Von Rudolf Henschel

Kontrollierter Kapitalismus, so lautet der Kommentar zu gewerkschaftlichen Vorschlägen, den anhaltenden Preisanstieg durch eine gezielte Kontrolle im Bereich der Preisbildung zu brechen. Diese Vorschläge gehen davon aus, daß die bisher verfolgte amtliche Stabilitätspolitik wirtschaftliche Ordnungsbedingungen voraussetzt, die in der Wirtschaftswirklichkeit nicht oder nicht mehr ausreichend gegeben sind. In diesem Fall müssen die gegenwärtigen Stabilitätsbemühungen auch bei noch so konsequenter Anwendung erfolglos bleiben.

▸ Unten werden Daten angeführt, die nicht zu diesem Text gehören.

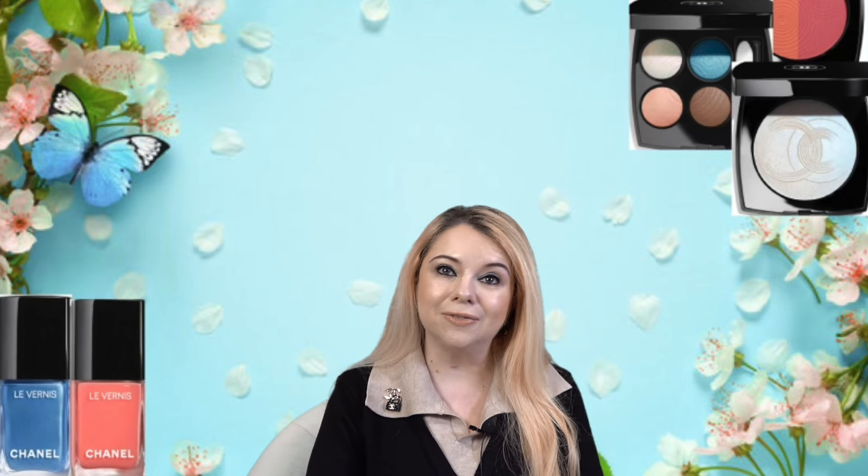Hi everyone, my name is Marcia and welcome to my channel. In today's video we are doing a get ready with me featuring the 2024 Chanel spring collection. I am so excited for this — that is the look I have created using these products. This is a full face of Chanel, and if you're interested in seeing how I created this look, please keep on watching. Also at the end of the video we're going to be selecting the winner for our Vlogmas Day 25 giveaway, so make sure you stay until the end.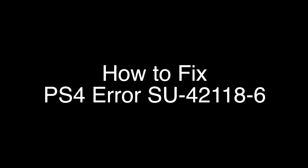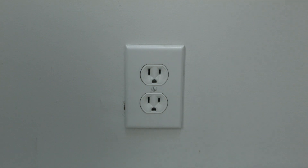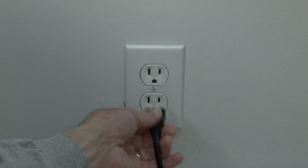The first thing to try is really the simplest, and in most cases this one will actually work, so you might not even need to go on. Simply unplug your PS4 from the wall, wait about 60 seconds — don't be impatient, wait the full 60 seconds — and then plug it back in.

In dem amtlich unterstellten Ordnungssystem führt der Preiswettbewerb zwischen konkurrierenden Einzelunternehmen dazu, daß bei sinkender Nachfrage die Preise sinken und damit Produktion und Investition gedrosselt werden. Umgekehrt dürfen bei steigender Nachfrage die Preise steigen, um Investition und Produktion so weit anzuregen, daß Angebot und Nachfrage sich wieder ausgleichen und Preisstabilität wieder eintritt. Auf diese Weise regelt der Preismechanismus auch die gesamtwirtschaftliche Abstimmung der einzelbetrieblichen Investitionspläne; die Nachfrage reguliert das Wirtschaftsgeschehen.

Diese Nachfrageregulierung hat jedoch den entscheidenden Fehler, daß sie nicht funktioniert, wenn der marktwirtschaftliche Preiswettbewerb gestört ist und der unterstellte Nachfrage/Preiszusammenhang nicht modellgerecht funktioniert. Wenn der Markt nicht über den Preis der Investitionspläne der Einzelunternehmen abstimmt, so werden die Einzelunternehmen ihre zwangsläufig nicht im voraus abgestimmten Investitionsziele über den Preis durchzusetzen versuchen. Dieser Zustand tritt bereits ein, wenn die Einzelunternehmen ihre Preise nur geringfügig über den theoretischen Marktpreis festsetzen können. Mit diesen Preiserhöhungen erhöht sich zugleich mit dem Unternehmenseinkommen die gesamtwirtschaftliche Nachfrage. In diesem Fall sind Preissteigerungen nicht ein Produkt der Nachfrageerhöhung, sondern die Nachfrageerhöhung ist das Produkt einer nicht mehr marktkonformen Preisgestaltung.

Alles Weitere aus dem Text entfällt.